Prompt
The reply should hold only the lines below beginning at the one with "22 Trevally Crescent, Manly West QLD 4179" and ending at the one with "Einfamilienhaus Mudersbach - 7", copied exactly, with every picture left out.

:: Records shown ::

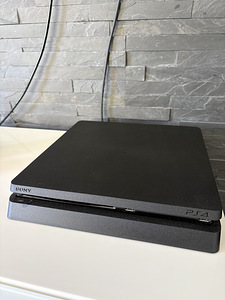 Sony Playstation 4 slim 512Gb + 4 mängu (3 foto / 3)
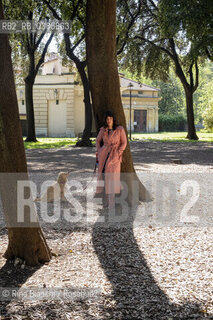 Rome May 6, 2021..Ilaria Gaspari, writer, philosopher and essayist, photographed with the dog Emilio in the park of Villa Torlonia/Ilaria Gaspari, scrittrice, filosofa e saggista, fotografata con il cane Emilio nel parco di Villa Torlonia. ©Rino Bianchi/Rosebud2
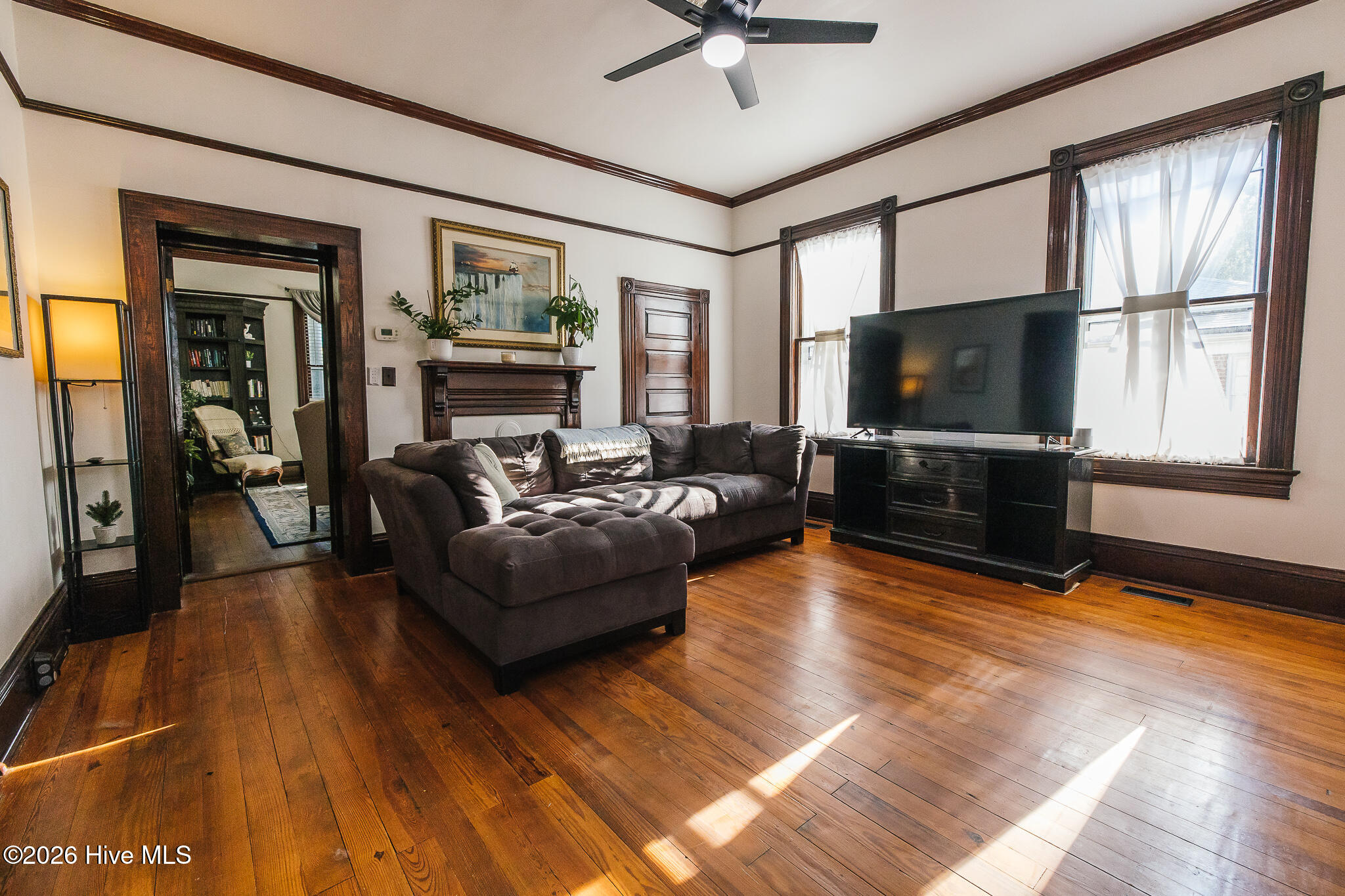 615 New Street Property Photo 17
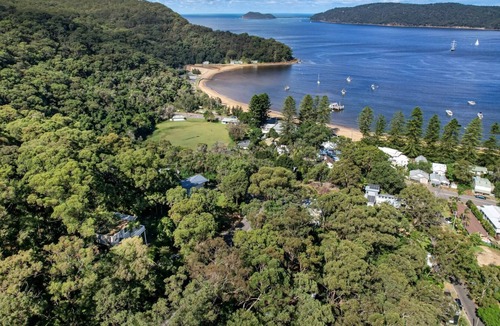 Patonga House | Patonga Panorama By Coast Holidays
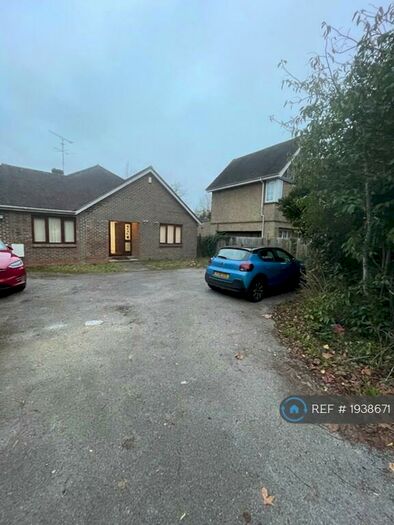 4 Bedroom Detached House To Rent In Shinfield Road, Reading, RG2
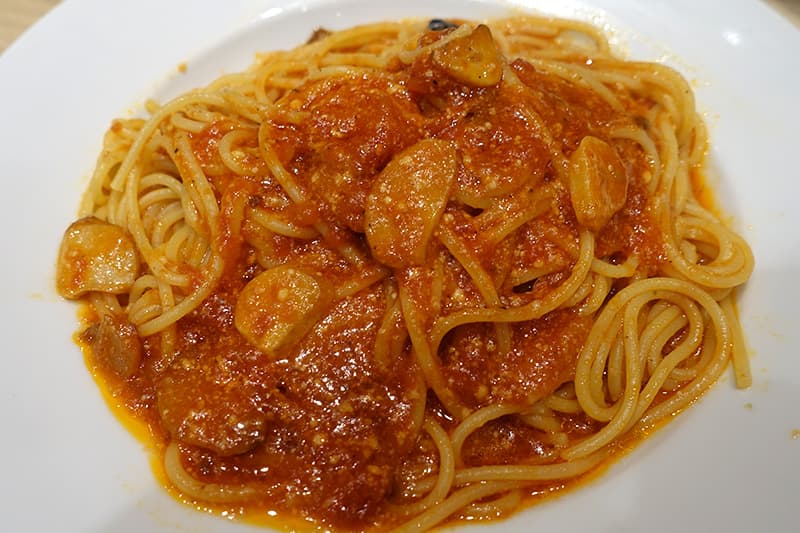 カプリチョーザ トマトとニンニクのスパゲティ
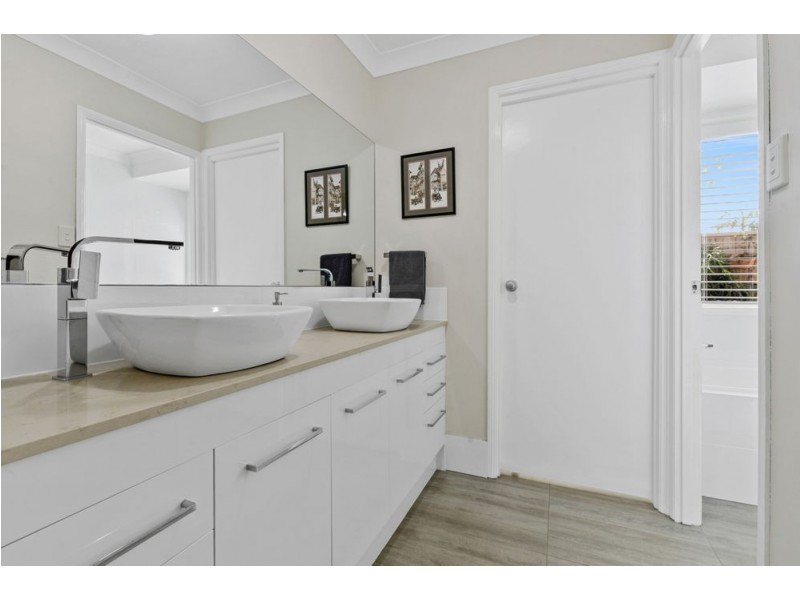 22 Trevally Crescent, Manly West QLD 4179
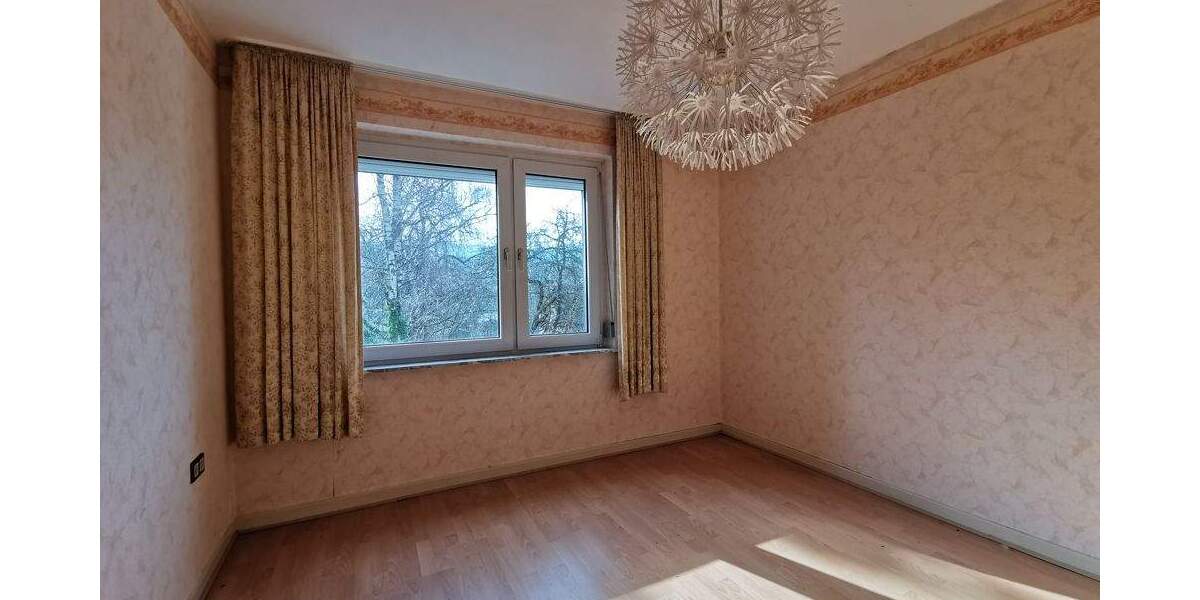 Einfamilienhaus Mudersbach - 7 Zimmer, 131 m&sup2;, 179.000&euro; | Angebot:25820831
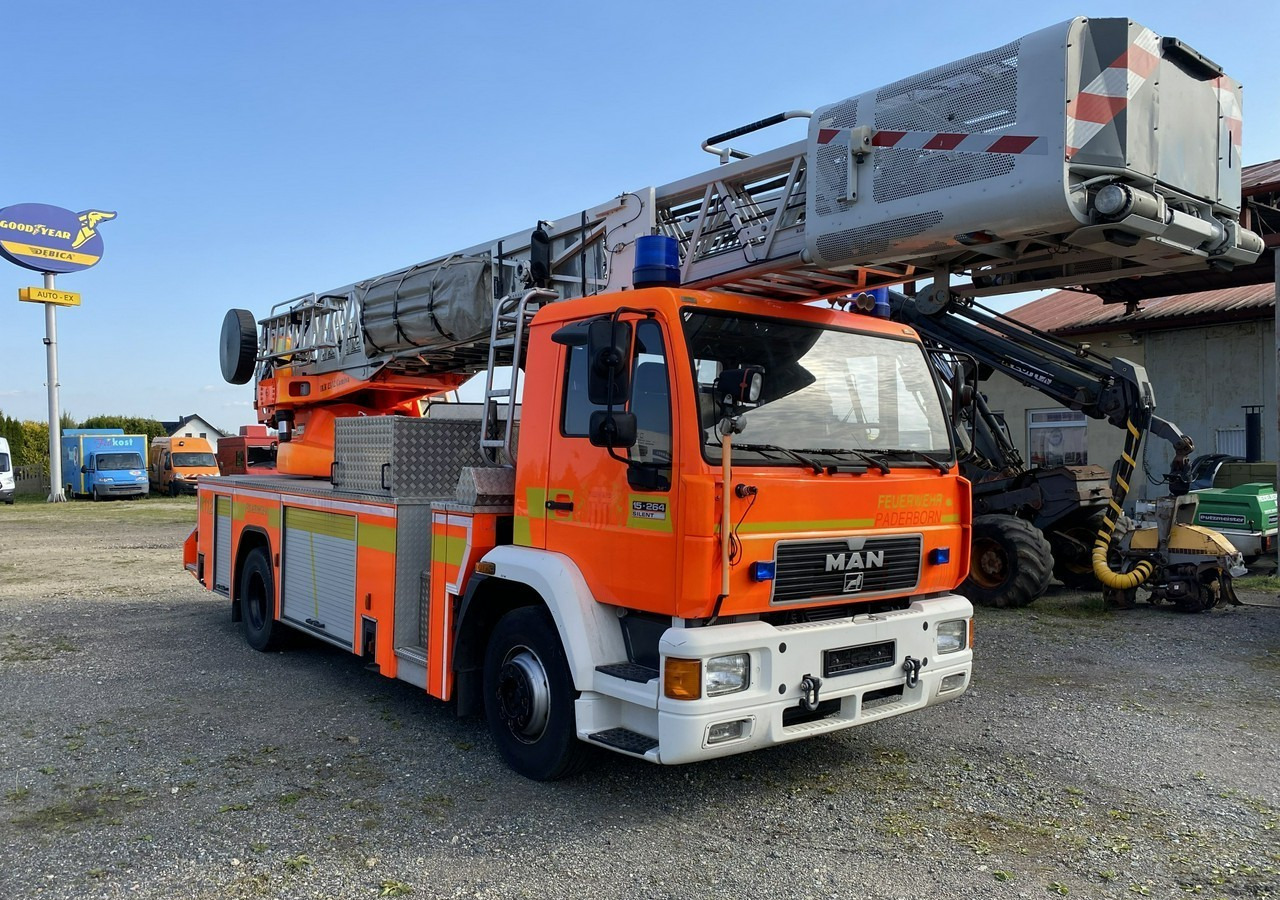 MAN Inny MAN MAN 15,264 Straż pożarna drabina Strażacka zwyżka 30metrów 1999 - Släck/ Räddningsvagn: bild 2 MAN Inny MAN MAN 15,264 Straż pożarna drabina Strażacka zwyżka 30metrów 1999 - Släck/ Räddningsvagn: bild 2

:::

Output for this exercise
 22 Trevally Crescent, Manly West QLD 4179
 Einfamilienhaus Mudersbach - 7 Zimmer, 131 m&sup2;, 179.000&euro; | Angebot:25820831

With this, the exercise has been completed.